Cavity Effect of Gold Nanoparticles on Mid-Infrared Light.

Nanophotonics has attracted wide attention in photonic devices and biotechnology. Interaction of visible and near-infrared lights with metal nanoparticles (NPs) is already well explored, leading to a mount of applications, especially in high-sensitivity biodetection. However, the effects of metal NPs on mid-infrared (MIR) light are still lacking because the light cannot resonantly excite the surface electron oscillation of the NPs. Recently, gold NP (AuNP)-assisted experiments indicate that AuNPs can be used in the detection of MIR biophotons, but the underlying mechanism remains unclear. Here, constructing a cavity by two AuNPs and performing finite difference time domain simulations based on Maxwell equations, we demonstrate that even if the AuNP dimension is significantly smaller than the MIR wavelength, the AuNP-formed cavity (AuNP-cavity) still can confine the light.
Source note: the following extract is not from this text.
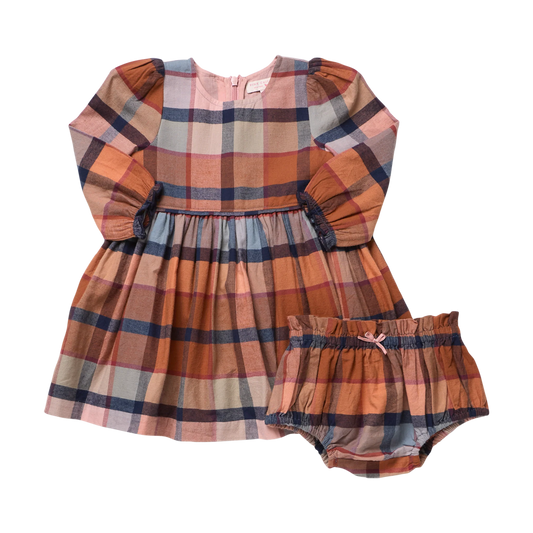 Hayride Plaid Baby Girls Mae Dress Set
The confinement effect increases with an increase in the wavelength or the cavity length when the cavity length and wavelength are fixed, respectively, while it vanishes only when the AuNP dimension is less than 1000th of the light wavelength. These results can be attributed to the resonance of MIR light with the two AuNPs, and in this view, it can be said that this nanocavity overcomes the diffraction limitation of the optical system. Our findings provide an understanding of the biophoton detection mentioned above, potentially promoting the applications of metal NPs in biotechnology and even in MIR-related imaging and wave-guiding circuits.